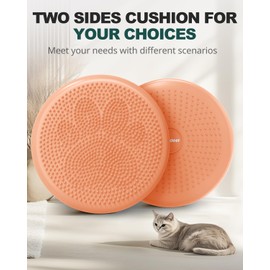 Trideer Wobble Cushion with Inflation Pump - Wiggle Seat for Sensory Kids(Multiple Colors), Balance Disc (Extra Thick) (34CM Orange)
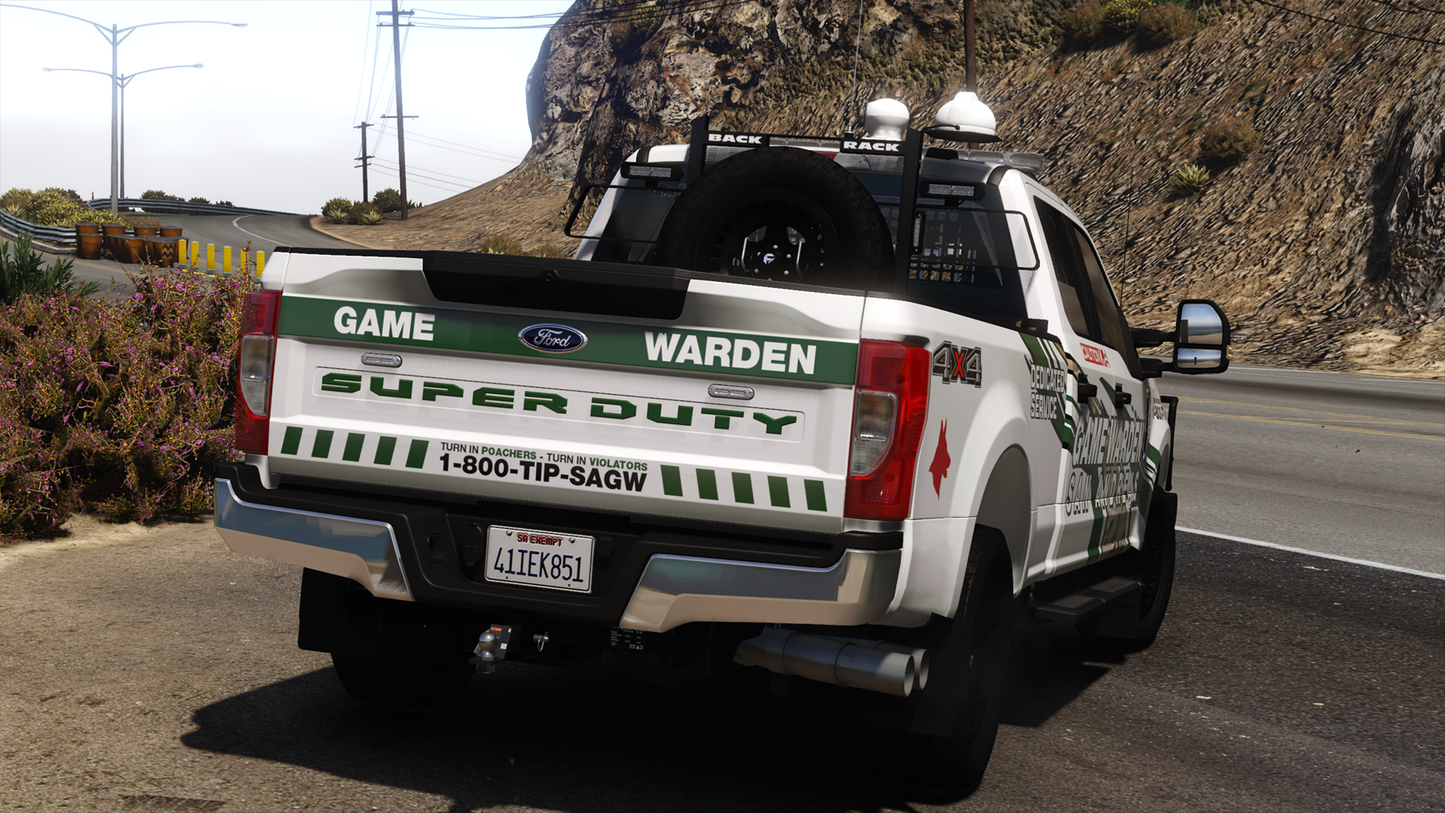 2021 Generic 250 Class Game Warden K9 Truck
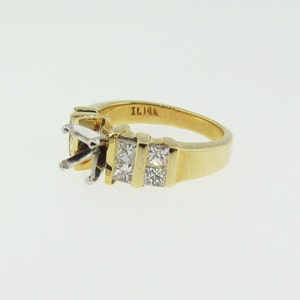 14 K Gold Diamond Engagement Ring Setting image 2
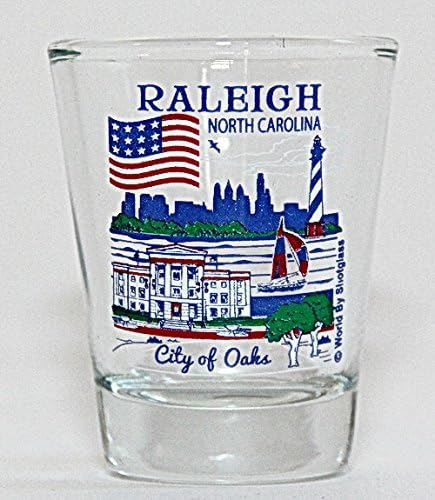 Raleigh Carolina De Nord Great American Cities Collection Shot Glass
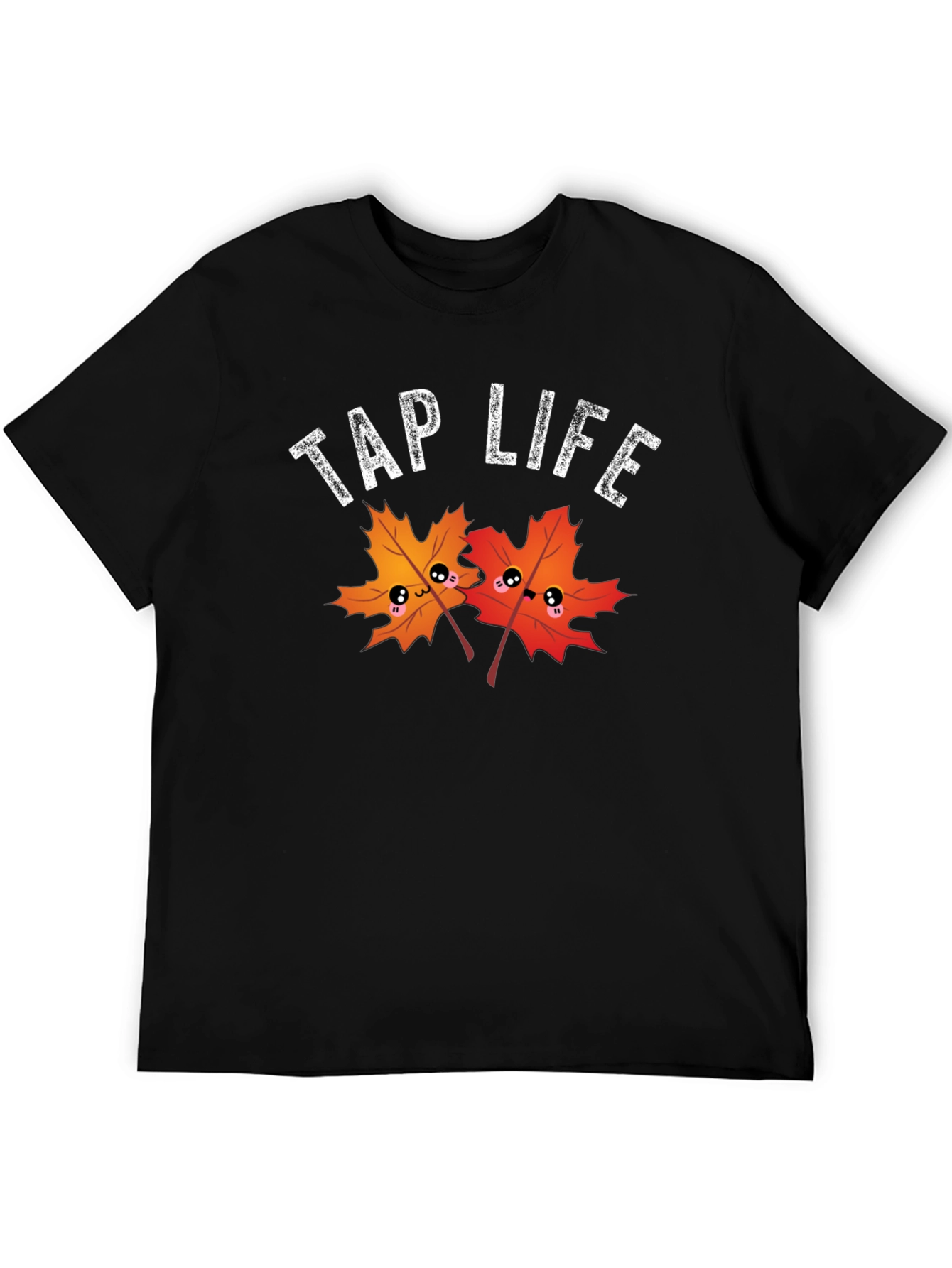 Tap Life Maple Leaves Graphic T-Shirt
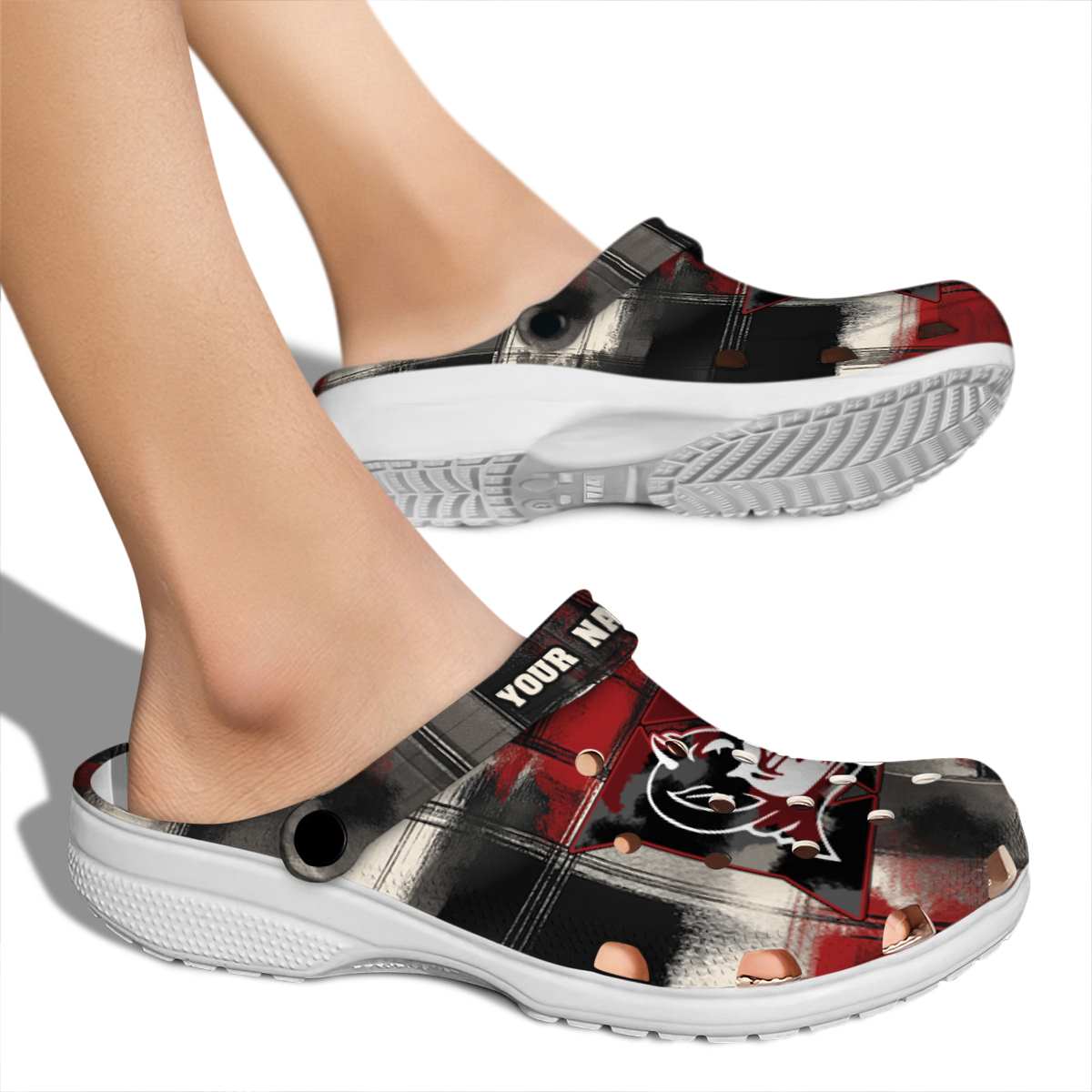 Merchidea Duke Blue Devils NCAA Sport Crocs Crocband Clogs Shoes Comfortable For Men Women and Kids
◆ ◆ ◆ ◆ ◆
## Required work
Skip the pictures. Please copy exactly the lines from the one with "Tap Life Maple Leaves Graphic T-Shirt" through the final line of the material above, both ends included.

## Final answer
 Tap Life Maple Leaves Graphic T-Shirt
 Merchidea Duke Blue Devils NCAA Sport Crocs Crocband Clogs Shoes Comfortable For Men Women and Kids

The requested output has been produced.